O momento em que os esforços de atriz e diretor confluem com maior força é aquele em que Nancy assume o controle da câmera
Tendo estabelecido Nancy como um corpo material que luta para se preservar e o tubarão digital como uma ameaça que oscila entre o visível e o invisível, o filme permite que todo o resto se dissolva. Forma-se, assim, um balanço magistral entre o que é palpável (ela, as pedras, uma baleia) e o que há de subjetivo ou desconhecido (a dor, o tempo, o cheiro de sangue, o fundo do mar).
Essa combinação faz com que toda cena seja dominada por sensações de medo e urgência reais. Os enquadramentos à distância transformam a garota em presa aparentemente fácil diante do tamanho do predador, enquanto os planos mais próximos, entre médios e close-ups, transbordam agonia. A reação de Lively a um ataque, em especial, é desesperadora, e sua consciência dos riscos que corre torna a ação ainda mais impactante.

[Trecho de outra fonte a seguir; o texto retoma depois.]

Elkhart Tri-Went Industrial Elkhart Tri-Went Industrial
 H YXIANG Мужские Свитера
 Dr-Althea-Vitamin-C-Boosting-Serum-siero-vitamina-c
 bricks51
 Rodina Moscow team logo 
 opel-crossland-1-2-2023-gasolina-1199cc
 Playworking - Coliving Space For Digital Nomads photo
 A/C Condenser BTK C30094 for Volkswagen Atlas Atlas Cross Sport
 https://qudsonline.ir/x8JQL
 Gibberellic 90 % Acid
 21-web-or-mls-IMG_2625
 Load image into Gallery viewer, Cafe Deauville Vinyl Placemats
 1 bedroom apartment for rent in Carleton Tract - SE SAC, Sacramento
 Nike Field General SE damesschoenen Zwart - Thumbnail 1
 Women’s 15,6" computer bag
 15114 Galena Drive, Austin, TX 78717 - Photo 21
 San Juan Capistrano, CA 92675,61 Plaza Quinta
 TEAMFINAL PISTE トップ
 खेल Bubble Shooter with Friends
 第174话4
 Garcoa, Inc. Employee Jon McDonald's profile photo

O momento em que os esforços de atriz e diretor confluem com maior força, porém, é aquele em que Nancy assume o controle da câmera. Ali, filmar é o último ímpeto de preservação de memória e sobrevivência — um símbolo que ganha contornos ainda mais importantes quando parte de uma jovem em ascensão, mas que ainda deve ser melhor aproveitada no meio, e de alguém que faz ótimo cinema de gênero com alcance popular, mas cujo nome segue desconhecido.